Y aprovecho esta energía que me llena para hablar del tema, en mencionar otra, tal vez última, falsedad inventada para limitar el acceso de algunos a la lectura, o quizá una forma de autoengaño para evitar el trabajo de abrir un libro y dedicarle unas horas de silencio y distancia con el mundo: el “aporte”.

“Solo leo libros que me aporten algo”, ¿suena familiar? Debería. Es el argumento de escape de muchos malos lectores que desean posar como devoradores de libros.

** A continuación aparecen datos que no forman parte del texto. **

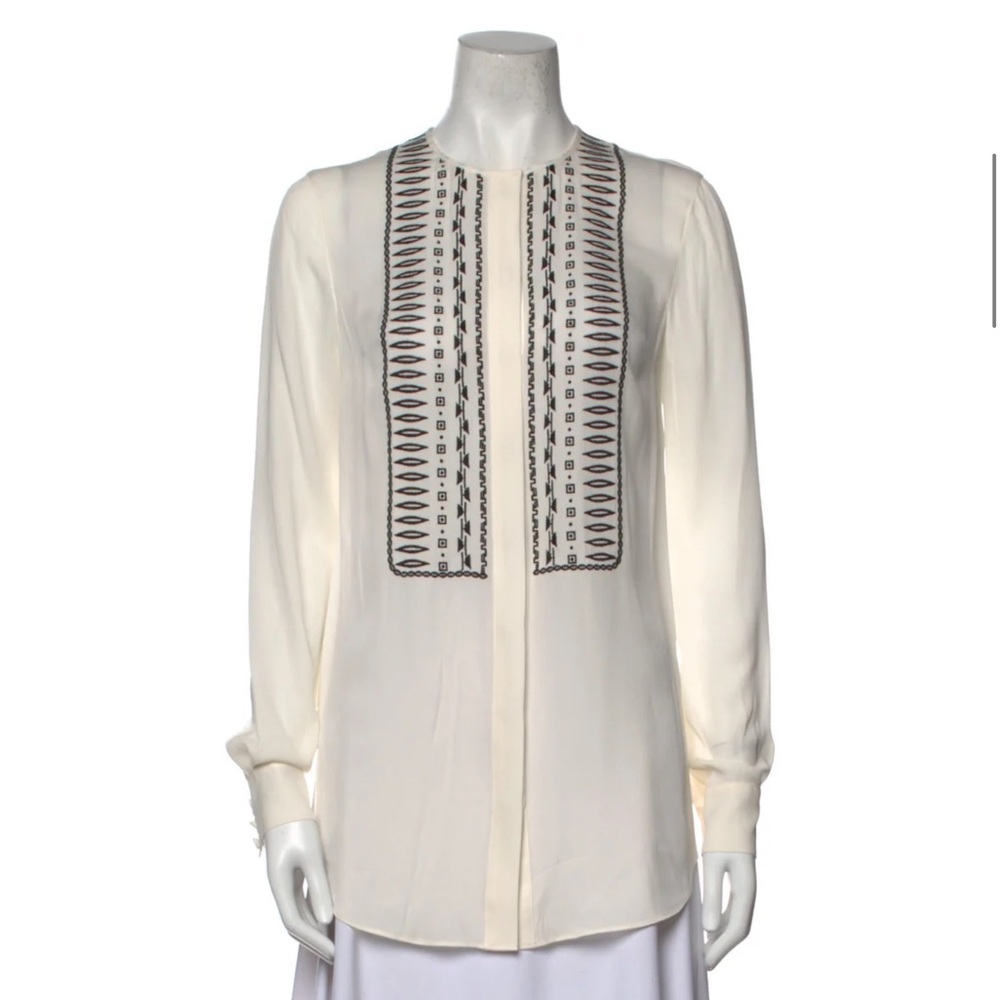 Veronica Beard silk tunic, ivory w/ black detailed embroidery, Long sleeve, Sz 4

Nunca van a la librería, no distinguen entre un autor y otro, la fascinación mayoritaria por determinado título les es indiferente, y la literatura clásica es solo, para ellos, otra asignatura de la escuela. Eso sí, jamás aceptarían que leen poco, y que han comprado, durante toda su vida, dos libros. Son esos sujetos quienes cargan un arrugado título de Osho, u otro farsante de su calaña. Algunos prefieren títulos clásicos del pensamiento universal: Rousseau, Engels, o textos fragmentarios recogidos de Sartre. Abren el libro, pasan dos páginas, y luego se entregan a meditar en lo ocurrido en el reality que siguen; el propósito del volumen, entonces, no es otro que demostrarse cercanos a esa supuesta secta secreta de lectores universales. Te presentan alguien así: cuando la conversación se inclina por el lado de los pasatiempos, y tú dices “me gusta leer”, él, o ella, te preguntarán qué lees; das algunos títulos, ese género que casi atiborra tu biblioteca, o los dos o tres autores quienes, en los últimos años, han ocupado tu mente. Entonces el falso lector responde que, por supuesto, él también lee mucho; su interés, es (ejem), sin embargo, la filosofía ―y no dejan de manosear un ejemplar pirata de Aristóteles―, o que, en  los últimos años, han buscado conectarse más con su parte espiritual; y leen Osho. Uno alza las cejas, no lo puede evitar; en respuesta, este empedernido lector de una sola obra, señala el mal del siglo: la falta de lectores y lo poco “cultos” que son los que sí leen. Peor que un no lector ―piensan ellos, y tienen el morro de decirlo en voz alta―, son los consumidores de superventas; sagas de magos, tierras medias, sexo y masoquismo, vampiros, todo apesta para él, salvo los tres libros que lleva leyendo desde los doce años. Y a esta especie añadamos la categoría de los relectores de las llamadas “obras de culto”, esas que, pese a ser longsellers, resisten, en la mente de algunos, como textos solo conocidos por la selecta élite del buen gusto: Rayuela, Que viva la música!, Opio en las nubes, El lobo estepario, etcétera.

Leer no debe verse como una actividad única de los educados, los ilustrados, las gentes de buena cuna, egresados de colegios o universidades prestigiosas, entretenimiento de los muy cultivados o complejo pasatiempo de las clases altas. Leer es fácil, accesible, de bajo costo y muy provechoso. Solo exige tiempo, espacio y material, y oh, gusto.